Amiable: Sweet wine, but not excessively so.
Ample: Wine which has a varied and rich variety of aromas.
Aromatic: Wine whose main aroma is of the vineyard from which it comes.
Barrick: Wine refined in barrels or barrique (a small wooden barrel with a general capacity of 225 liters).
Blanc de Blancs: Found on the label of some champagnes; Indicates that the wine has been produced with only white grapes.
Blanc de Noirs: As above, but produced with only black grapes.
Bouquet: The effect that the aroma, in its wholeness has on the senses, of an aged wine.
Brut Spumante: A dry taste, resulting from a sugar content of less than 15 g/l
Champenoise: Term which indicates the method of sparkling the wine with a second fermentation in the bottle. In Italy it is called “classic”.
Charmat: The sparkling of the wine done with a second fermentation of the wine in autoclave.
Cremant: Term that indicates sparkling wine produced with a lower number of atmospheres. Can be served throughout meals.
Cru: French word used to indicate a part of the specific vineyard.
Cryomaceration: “Cold Maceration” – the process of leaving the must on the grape skins for about 12-24 hours at a low temperature. This important phase allows easier extraction from the grape skins of all the best grape characteristics, enhancing the fruity, fresh and fragrant flavor of the wine.
Doc: A controlled denomination of origin.
Docg: Controlled and guaranteed denomination of origin.
Dry: Wine with a very dry taste.
Erbaceo: Wine with a distinct aroma of cut grass.
Fragrant: A term which indicates the aroma of spumanti wine, which brings to mind yeast and baked bread, or wines which have a dominating floral sensation.
Froth: Whitish mass of gas bubbes which forms on the surface of wines during fermentation.
Full: Defines a rich wine full of body
Generous: Wine whose alcoholic content has a dominant role
Igt: Typical geographic indication
Jeroboam: Champagne bottle which contains 3 litres and fills 28 glasses
Liqueur-like: Wine to which alcohol has been added or which has a naturally high alcoholic level.
Lanky: Wine with an ecessive amount of tanine and a consequential very strong astringent effect.

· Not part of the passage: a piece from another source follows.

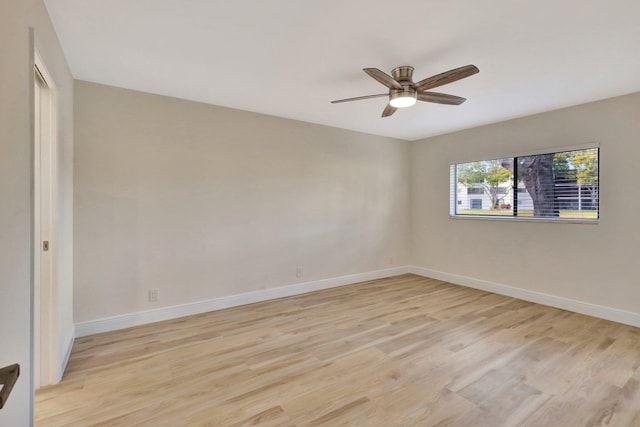 spare room with ceiling fan and light hardwood / wood-style flooring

Magnum: Bottle of champagne which contains 1.5 litres and fills 14 glasses
Mathusalem: Bottle for champagne which contains 6 litres and fills 56 glasses
Medium Sweet: Wine tending to a sweet taste.

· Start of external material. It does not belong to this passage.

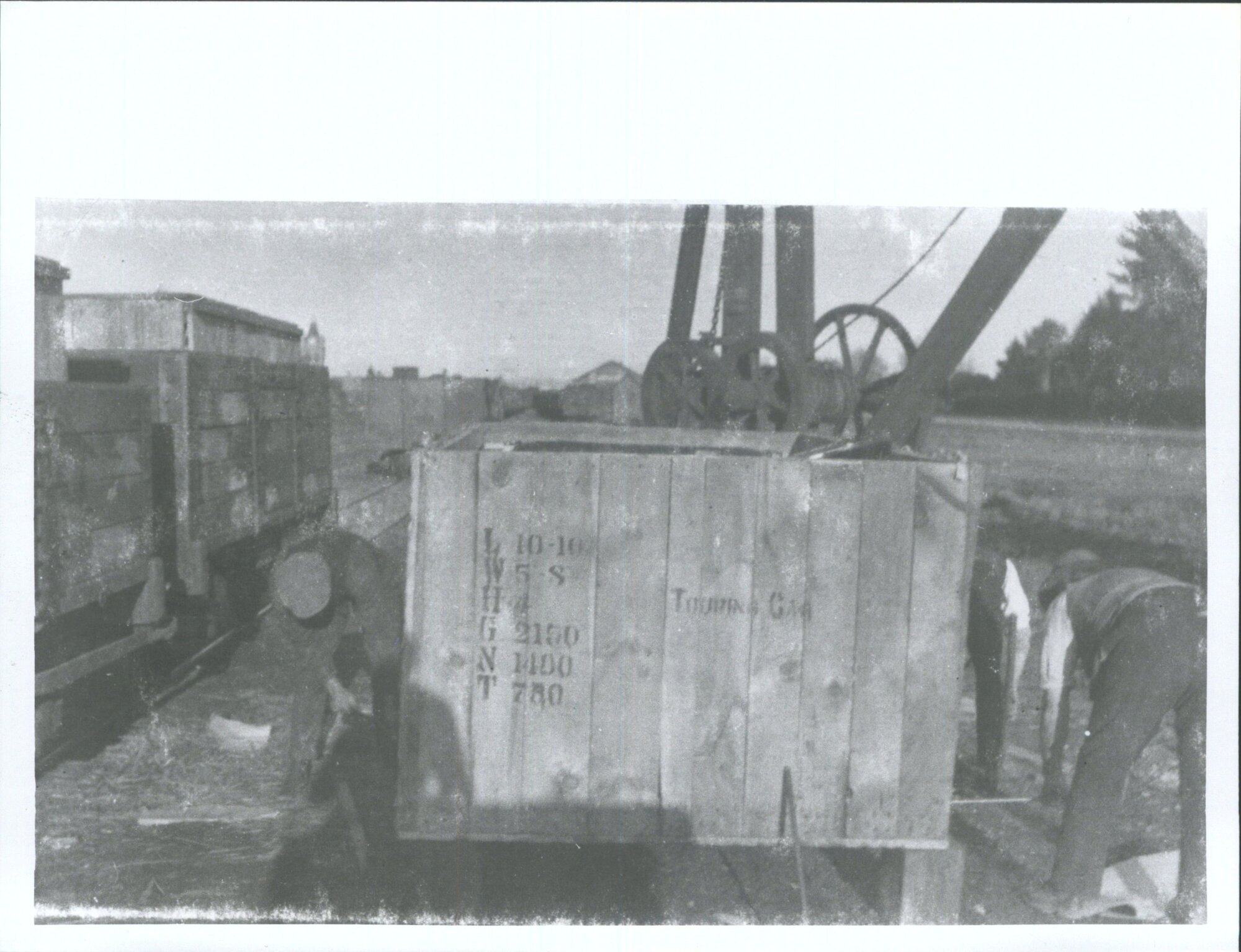"Unloading Ford cars in cases at Ashburton Railway Station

Millesimato: Term used for champagne and spumanti produced with grapes from only one year harvesting.
Must: The liquid obtained from the grape pressing and has to yet fermented.
Nabucodonosor: The biggest bottle for champagne; it holds 15 litres of Champagne
New Wine: Name of the wine produced by carbonic steeping, available for drinking after two months after harvesting.
Pas Dosé: Term used for spumanti and champagne, which has not had liquer d’expédition added.
Passito: Wine which has been to dry in the cellars, on the vine or in the open.
Perlage: French definition which defines the bubbles present in champagne and spumante
Picure: French definition which refers to the concave part of the bottom of the bottle where very old wines (20 years or more) deposite their residue
Salmanazar: Champagne bottle which contains 9 litres and fills about 84 glasses
Sapido: Term applied to a tasty wine.
Sincere: Honest wine with no defects
Skin and pip. Uvaggio: The mixes of grapes that make the wine. Smooth: wine which has a balanced mix of hardness (acidity and tanine) and smoothness (alcohol and sugar). Sweet: wine with a very sweet taste.
Tannic: Wine with a lot of tannin
Tannin: A product of the polymerization of phenolic substances, a compound which is astringent.
Tart: Used for young wine with a high content of acidity, not pleasurable.
Vinoso: Perfume which brings to mind the must in the cellars
VQPRD: Quality wine produced in determined areas.
VLQPRD: Liquerish wine of quality produced in determined areas.
VSQPRD: Spumante wine of quality produced in determined areas.
Warm: Sensation given by a wine rich in alcoholic content.